The city was dark, but that wasn’t anything new. It was always dark. Mia’s eyes were created to see better in it than the human’s who pushed past her, wearing their respiration masks. It still amazed her how determined they were as a race—the human’s that is. Surviving the wars, the pollution, and the death of the sun. Her brother called them cockroaches behind their parents’ back. Claimed it was because the scuttled from dwelling to dwelling in a protective shell.

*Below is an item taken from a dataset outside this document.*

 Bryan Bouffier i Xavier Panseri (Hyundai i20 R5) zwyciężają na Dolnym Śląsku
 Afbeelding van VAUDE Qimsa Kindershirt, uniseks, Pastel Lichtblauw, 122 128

Neither she nor her brother required protective gear or a RM (Respiration Mask). But that’s because they weren’t human. Never had been. Werewolves from birth, their lungs filtered the bad air automatically. In fact, two other of the four Clandestine factions could go without masks. The shape shifters and the vampires also wandered free of facial decoration, like her. The witches though? Too much human frailty in them as a species to go without one. This was why Beck wore a RM as he blathered on to her.

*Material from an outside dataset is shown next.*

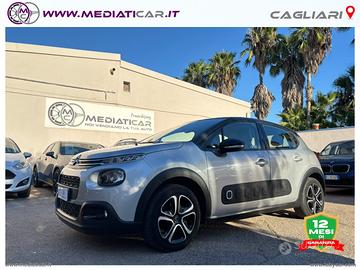 CITROEN C3 PureTech 82 Shine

“I told you, I don’t know why your brother requested you. I just follow orders, Mia, that’s my job.”

Mia abruptly spun her tall form into his way, placing her hand on his chest, stopping his movement so fast his tall and lanky form stumbled. “I was busy.”

“I…I…I won’t tell him where I found you or what you were doing,” he stammered.

A human walked by, giving Mia an accusing stare.

“What? You got a problem?” She snapped and the human female scuttled off.

“They just think I’m human, that’s all,” Beck said, making excuses for the woman who’d gone by. “They don’t like it when our kind rough up theirs."

Mia removed her hand from Beck and continued to walk north on 8th Avenue. “What does Mabon want? Did he say?”

“No ma’am.”

She sighed. Her brother was always doing this. Ever since their father had gone missing he ordered her around like a puppy. It was driving her mad. She had work to do. Not that her family approved of her work, but she didn’t care.

She pushed her long bangs out of her face with an exasperated sigh. “If this is trivial, and you cost me my bounty for nothing, I’m taking it out of your ass, Beck.” When he didn’t say anything she turned her gaze on him, his floppy black hair bouncing with his steps.

Looking nervous, he swallowed and nodded. “Yes ma’am.”

“Come on, you’re draggin’ your ass.” Giving his arm a slight tug they changed direction as they walked through Columbus Circle.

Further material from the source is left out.